🤖 AI Summary
This study challenges the prevailing assumption that multilingual pretraining inherently improves zero-shot cross-lingual transfer, focusing on word-sense disambiguation and lexical semantic change—two lexically sensitive tasks. Through large-scale empirical analysis across 28 languages, rigorously controlled ablation studies, and newly introduced resources—including the LexShift benchmark and MonoBERT model—we demonstrate that multilinguality per se is neither necessary nor sufficient for improved transfer performance.

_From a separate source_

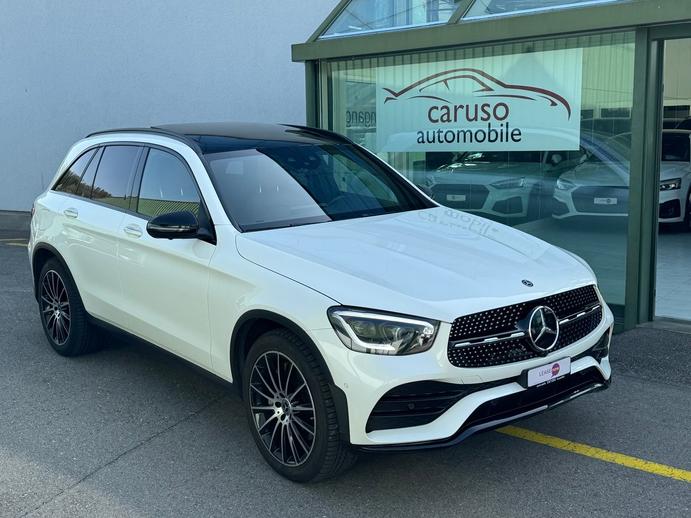 MERCEDES-BENZ GLC 400 d 4Matic AMG Line 9G-Tronic, Diesel, Occasioni / Usate, Automatico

Rather, evaluation biases and fine-tuning data composition constitute primary confounding factors underlying prior claims of “multilingual advantage.” Results show that carefully designed monolingual or bilingual models match or surpass multilingual counterparts across multiple metrics. All models, datasets, and evaluation tools are open-sourced, establishing a more robust, reproducible cross-lingual semantic evaluation framework—particularly beneficial for low-resource and typologically diverse languages.
📝 Abstract
Cross-lingual transfer allows models to perform tasks in languages unseen during training and is often assumed to benefit from increased multilinguality. In this work, we challenge this assumption in the context of two underexplored, sense-aware tasks: polysemy disambiguation and lexical semantic change. Through a large-scale analysis across 28 languages, we show that multilingual training is neither necessary nor inherently beneficial for effective transfer. Instead, we find that confounding factors - such as fine-tuning data composition and evaluation artifacts - better account for the perceived advantages of multilinguality. Our findings call for more rigorous evaluations in multilingual NLP. We release fine-tuned models and benchmarks to support further research, with implications extending to low-resource and typologically diverse languages.